For Very Large Values of Two
I was sitting today, half-asleep in a class which will bear no name, and I was struck with a halfway insightful thought.
In AP Chemistry, the course of the devil (note to Mr. Glimme if he’s reading this: I’m not kidding at all. thank you.), barely a day goes by when one student or another — often enough, me — doesn’t pose the classic question: “Why are we learning this?”
It’s the usual student’s chant, of course, but in Chem it has a special meaning. You see, the vast majority of what we learn has an unusual characteristic, which most classes try to avoid. It’s not true.
The reason is sometimes that, with our current degree of brain mass, we simply couldn’t perform the calculations to actually understand the real . . . reality. Sometimes, it’s because nobody knows the true order of things — or because (as is often the case with quantum mechanics) it theoretically can’t be known. Whatever the case, much of what we learn is wrong.

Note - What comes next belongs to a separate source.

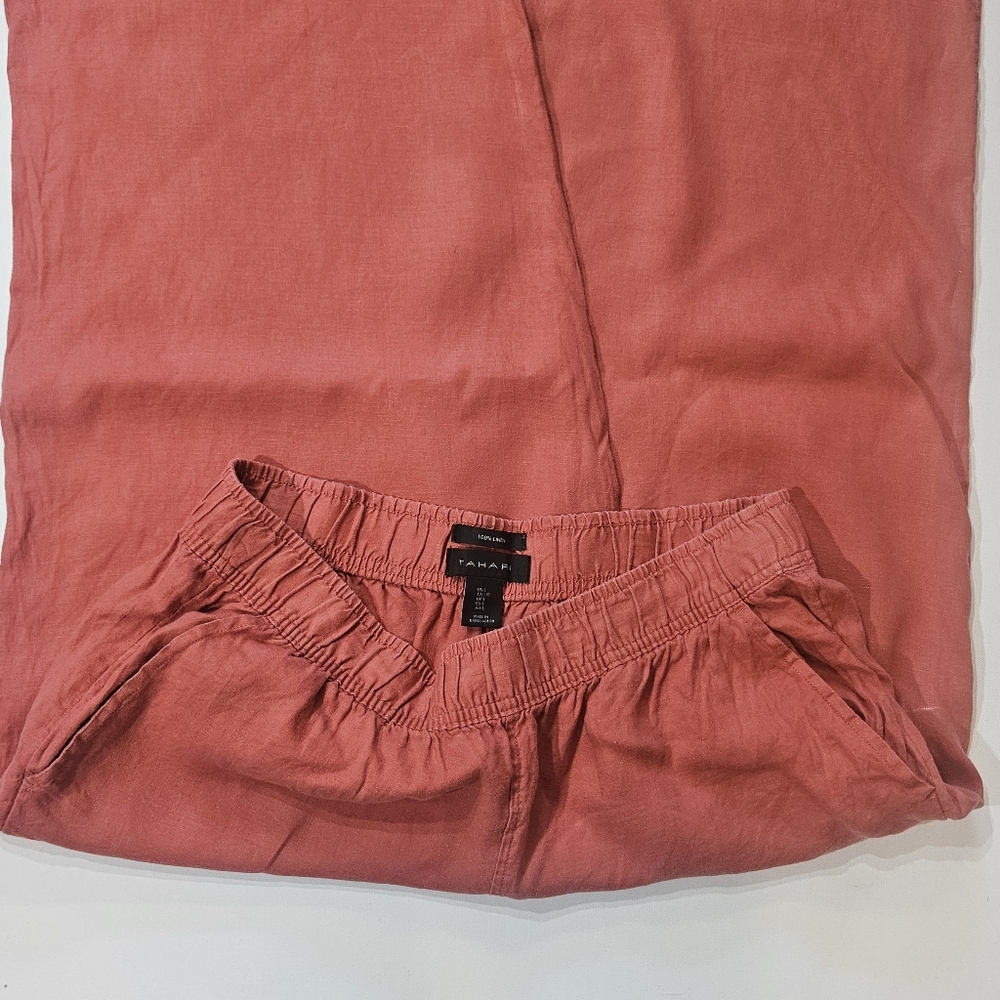 Tahari‎ 100% Linen Pants Womens Large Orange Stretch Waist High Rise Wide Leg - Picture 4 of 7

Naturally, it’s a paining truth to hear. We don’t want to be there. We most especially do not want to be there learning theories, equations, and formulas which aren’t even correct. And when we ask a question, we want a better answer than, “Nobody knows,” or “You wouldn’t get it.”

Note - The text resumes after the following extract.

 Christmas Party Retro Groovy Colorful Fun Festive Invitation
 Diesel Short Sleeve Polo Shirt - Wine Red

So periodically, as a kind of wave-the-dead-chicken ritual, one of us pipes up with, “What’s the point of this? Science is the way things are. Why are we learning the way things aren’t?”
Today I got it.
Let’s say that you had a sequence of numbers, and wanted to determine what value each figure increased by. The numbers were 2, 4, 6, and 8. Easy, right? It increases by two each time. Consider that the “truth.”

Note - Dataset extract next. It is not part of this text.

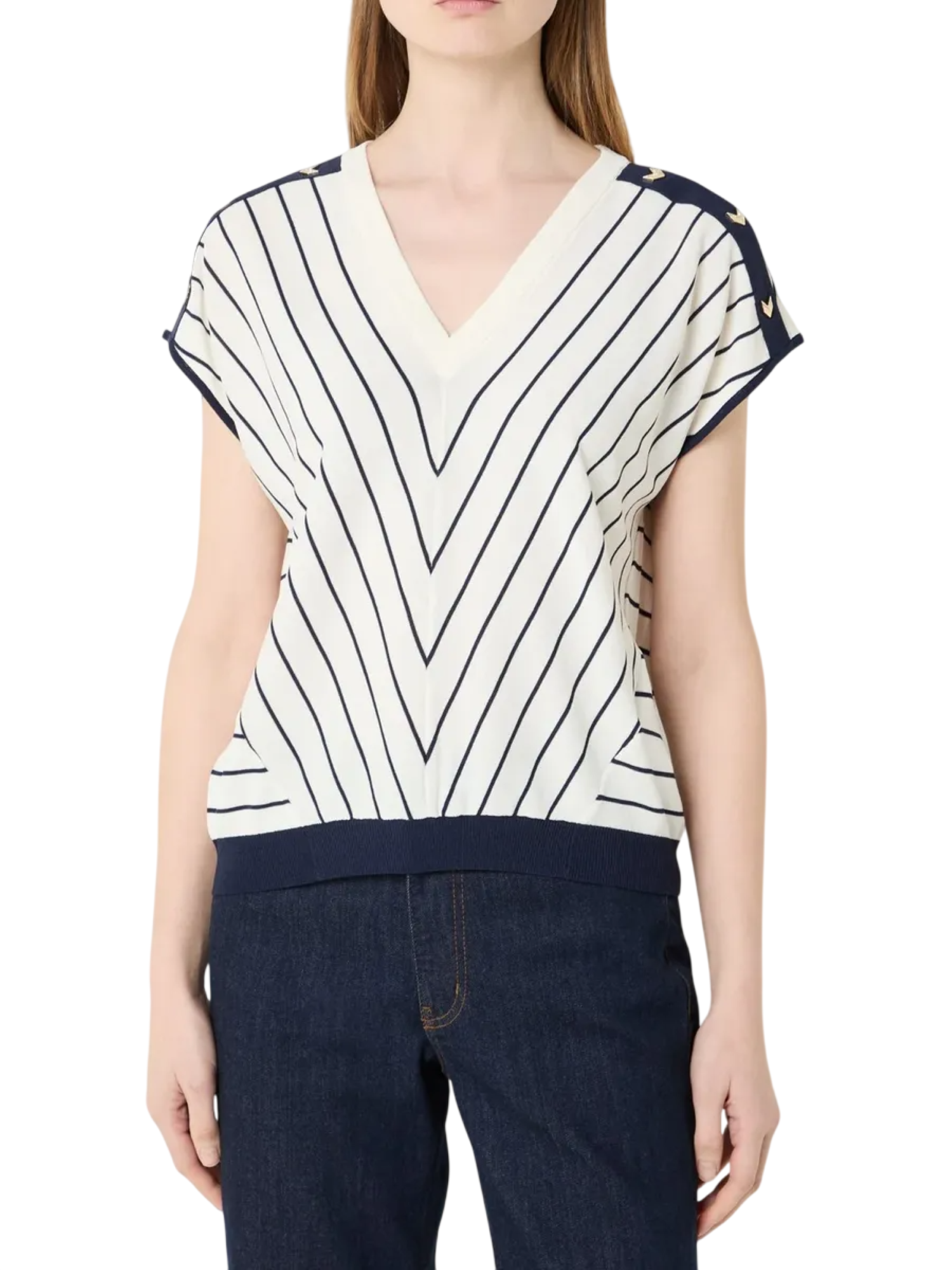 Liu Jo maglia a righe scollo a V panna blu TA6217MS55N C3882 LIU JO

Now, let’s say your numbers — your “experimental results,” as it were — were less abundant. You only have 2 and 4. The “truth” is still the same, but you don’t know that.
In this case, “increasing by two” is still correct, but something else also seems to be correct — “multiplying by two.” Two times two equals four. Of course, if you had another piece of data (the next number in the sequence, 6), then you’d realize that this was wrong: 4 · 2 does not equal 6.
But for this set of data, “multiplying by two” is correct. For this limited range of reality, it provides the correct results, even though it’s technically “wrong.” Essentially, you’re getting the right answer for the wrong reason — but you know that it’s the wrong reason, so it’s okay.
This time, it only worked for the first two pieces of data. But let’s say it was correct for the first two million.
See how it just might be handy?
[Editorial Note from a later date: It has been brought to my attention that the title of this piece is a little obscure. Essentially it’s a reference to a half-serious, half-humorous mathematical joke — see this explanation.]